KAITLYN: I started performing spoken word in my junior year of high school when I took my first creative writing class. I had never liked poetry. Reading it, writing it, it was all very… excessive to me. One day my teacher showed us Gina Loring’s performance of “Somewhere There Is a Poem” on Def Poetry Jam and I fell in love. The rhythm, the tone of her voice, the power of her words, everything about it fascinated me. Especially her confidence. That was the poem that inspired me to start writing poetry.

What do you write about?

I was going through a really bad breakup at the time and after watching Gina Loring, I wrote my first poem that would become my first spoken word piece – a love poem, the gateway drug of poetry –  called “The Flight.” It was about a girl who falls in love with a boy who could fly, and their tragic love story. At the end of the poem, the girl realizes she doesn’t need the boy to fly, as she can grow her own wings. I identify the girl as myself at the end of the poem.

You’re not just writing your poetry, you’re speaking it, performing it in front of audiences. How is that a different experience for you?

Spoken word is probably one of my favorite things in the world. It simply blows my mind that people can create these rhymes and take you on a journey with only their voice and their words. When I performed for the first time, I wasn’t really performing. I was reading. I read “The Flight” timidly. Even so, the response I got from the crowd was worth more than any boy’s cheap smile. Even better, how I felt after walking away from the mic was extraordinary. I was untouchable.

The second time I performed spoken word was a month later in the school talent show. Performing for 300 people was terrifying. I was used to doing school musicals, where I performed in front of 300 people singing and dancing and regurgitating lyrics and lines from known pieces. This was me standing on a stage, sharing my own words and emotions with strangers that didn’t know me from Adam. Yet, after the talent show, my Twitter inbox and text messages were flooded by friends and strangers telling me that they related to my poem and that it touched them. It was an incredible feeling. I wanted to reach this many people when I became an author, and didn’t ever believe that I could do it any other way. Spoken word was fun, it was exhilarating, and most importantly, it was gratifying, because I knew that I would be making someone feel what I felt when I first heard Gina Loring spit her poem.
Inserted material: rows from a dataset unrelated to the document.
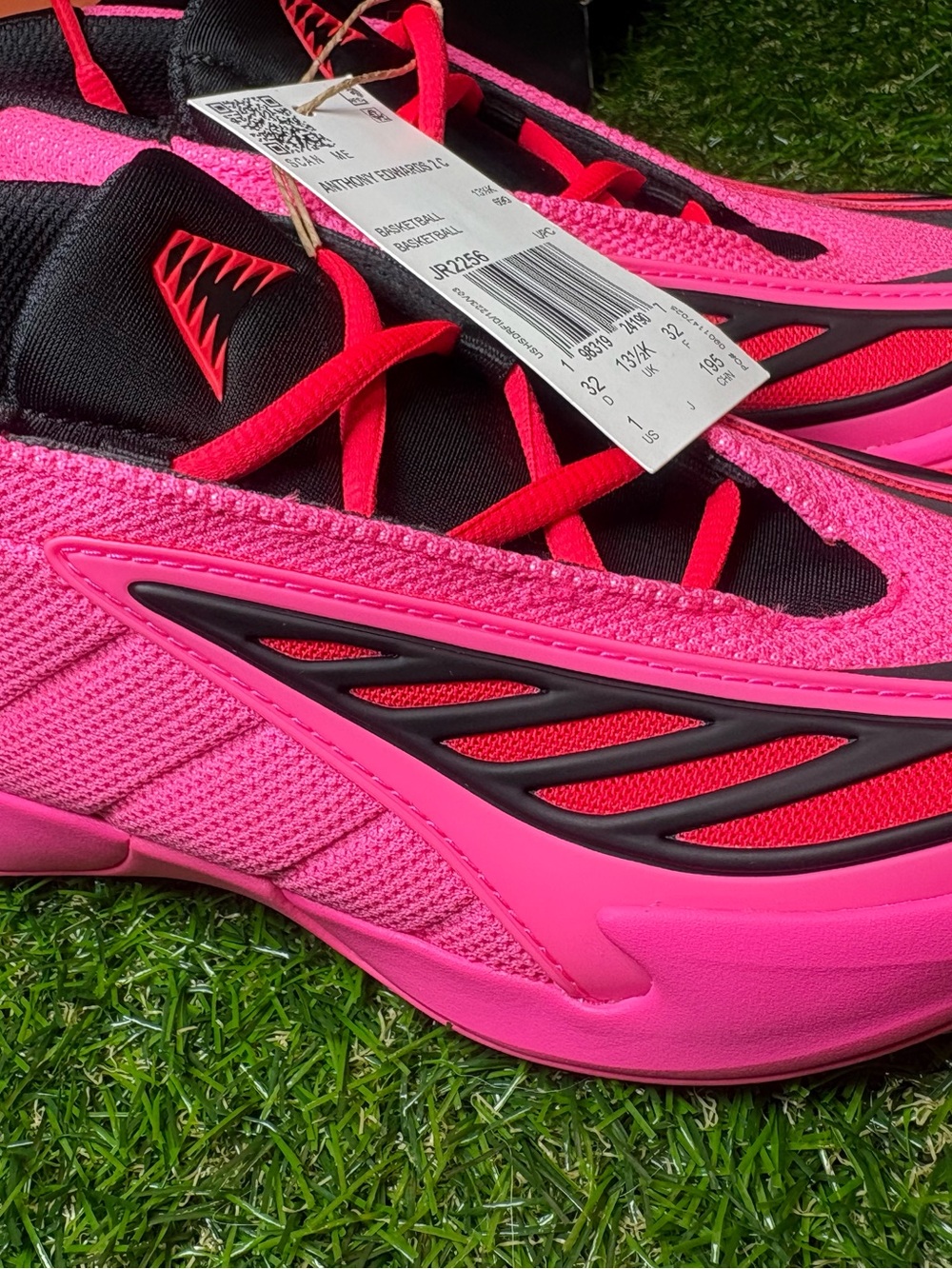 Adidas Anthony Edwards basketball sneakers. Hot Pink, black, red. Youth 1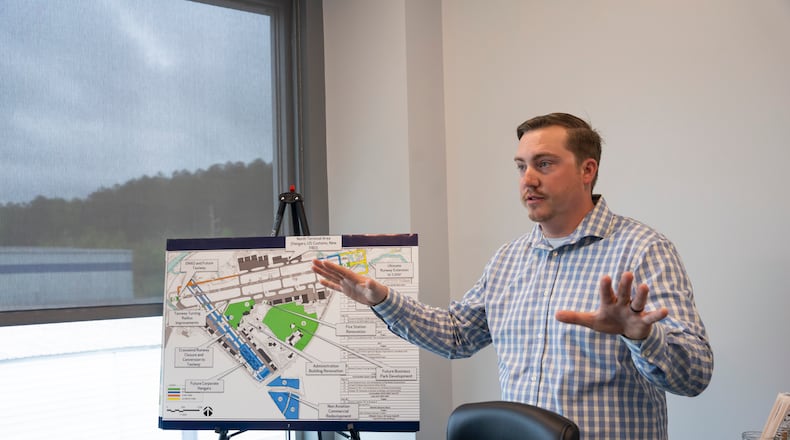 Jonathan Gauthier shows development plans on a map at the Fulton Executive Airport as part of a larger investment plan to renew Fulton Industrial Blvd in Atlanta, Georgia on Thursday, April 11, 2024. (Olivia Bowdoin for the AJC).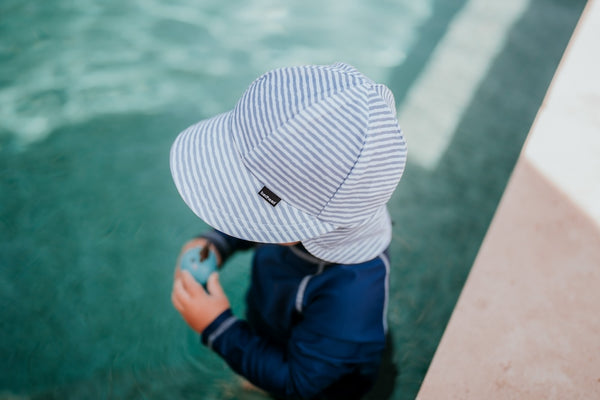 Side view of Bedhead Stevie Stripe Swim Legionnaire Hat worn by a young model in a swimming pool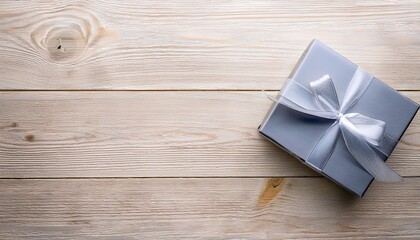 Gray Gift Box with Silver Ribbon on Wooden Background. Top View of Teacher Day Gifts with Copy Space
Your poem “The Untold Story of a Teenage Girl” really resonated with me personally — you touched on a lot of things, like being in love, getting called “bossy,” unrealistic body standards, and the never-ending fight for gender equality. How does your identity as a black woman influence your art?

My identity as a black female has only influenced my writing in recent years. I only used to be able to write love poems, but now, most of my poems have sociopolitical undertones. I can’t seem to write a poem anymore without having some kind of social commentary, but I think this is good. Finding power in the things that should make me inferior according to society – my race, my gender – has allowed me to write unapologetically and without much fear. Being a black woman is central to my art. I wouldn’t be the writer I am if I were neither.

I feel like it’s common to hear “I can’t write poetry” or “Poetry is not for my kind of brain,” especially in an academic setting. What’s your response to that? Do you think poetry is something everyone could benefit from?

Like I said before, I used to hate poetry. I was exactly that kind of person who thought poetry wasn’t for me, or frankly, I underestimated myself and thought I could never understand it. I think people shy away from poetry because they are afraid of it. Poetry is the mouth that speaks only truth. The truth is scary, and even scarier when you find the truth in yourself. Poetry requires self reflection, regardless of the subject matter.

I think everyone can benefit from reading poetry, listening to poetry, and most importantly writing poetry. If you’re not convinced, just sit down and try to write a love poem. Love poetry is for everybody, whether it’s an ode to the love of your life or a swear-filled message to the asshole you call your ex. Poetry is the coolest form of catharsis out there, I promise you. Just try it!